Dalam penjelasan Direktur Penyuluhan, Pelayanan, dan Hubungan Masyarakat, Dwi Astuti, menjelaskan bahwa tujuan dari aturan ini adalah untuk memberikan kepastian hukum sesuai UU HPP, serta untuk memudahkan pemahaman terkait penyusutan dan amortisasi. Dengan adanya PMK-72 ini, peraturan-peraturan lama yang berhubungan dengan hal ini dapat lebih terfokus dan lebih mudah diaplikasikan.

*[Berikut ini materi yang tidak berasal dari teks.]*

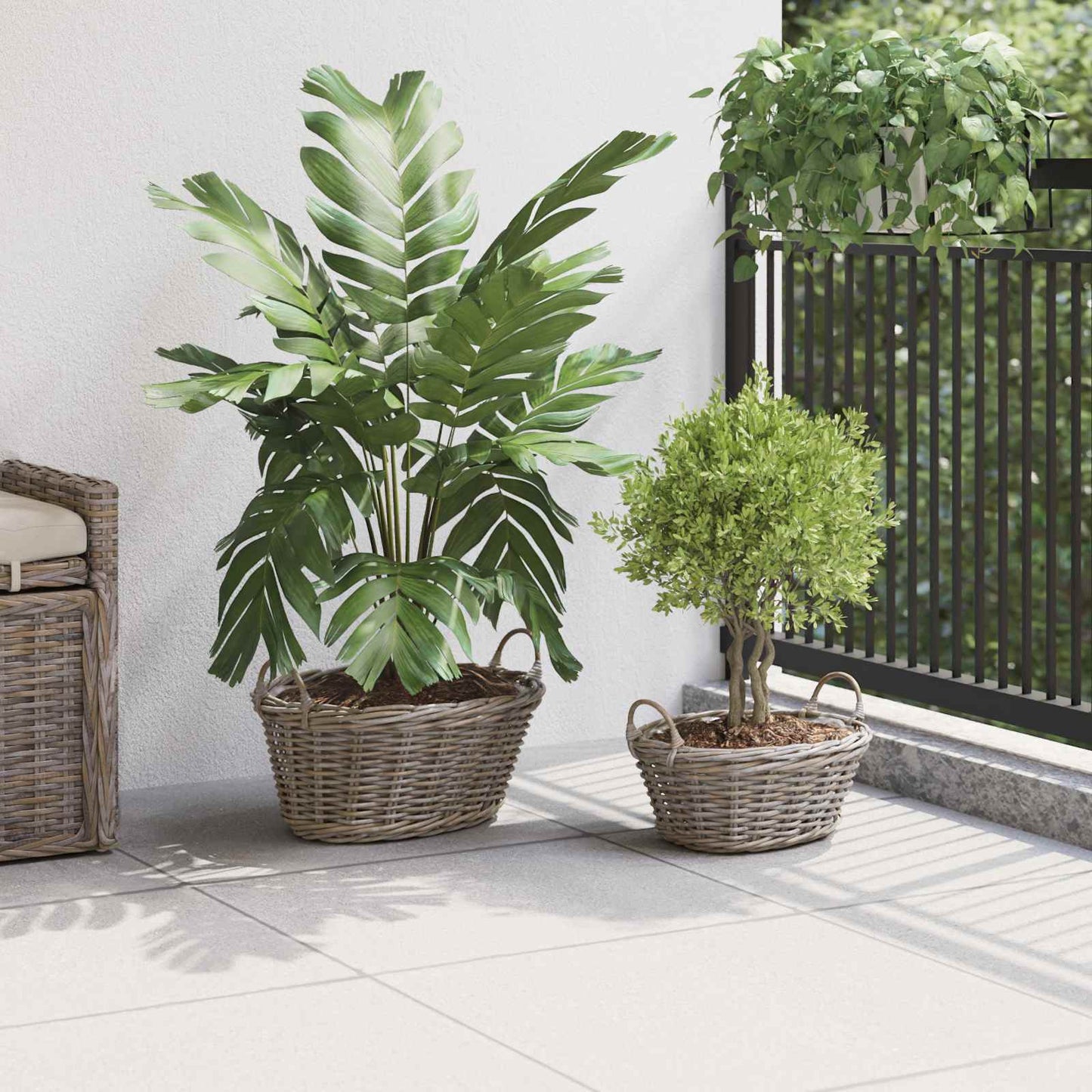 Panier cache-pot avec rangement 2 pcs gris Lacak Rotin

Salah satu poin penting dalam PMK-72 adalah mengenai penyusutan harta berwujud. Penyusutan ini diterapkan pada harta berwujud yang digunakan dalam usaha selama lebih dari satu tahun, seperti peralatan atau kendaraan. Ada dua metode yang dapat digunakan untuk menghitung penyusutan: metode garis lurus atau saldo menurun. Masa manfaat harta berwujud tetap sama seperti sebelumnya, dengan periode yang berbeda tergantung pada kelompoknya. Contohnya, harta berwujud dalam kelompok 1 disusutkan selama 4 tahun, kelompok 2 selama 8 tahun, dan seterusnya. Namun, ada penambahan baru pada masa manfaat bangunan permanen. Sekarang, Wajib Pajak (WP) dapat memilih untuk menyusutkan bangunan permanen selama 20 tahun atau sesuai masa manfaat sebenarnya yang tercatat dalam pembukuan WP. Hal ini berlaku mulai Tahun Pajak 2022 dan WP perlu memberitahukan pilihan mereka paling lambat pada 30 April 2024. Poin penting lainnya yaitu bahwa biaya perbaikan harta berwujud dengan masa manfaat lebih dari satu tahun akan dimasukkan ke dalam nilai sisa buku harta tersebut dan dibebankan secara berkala melalui proses penyusutan.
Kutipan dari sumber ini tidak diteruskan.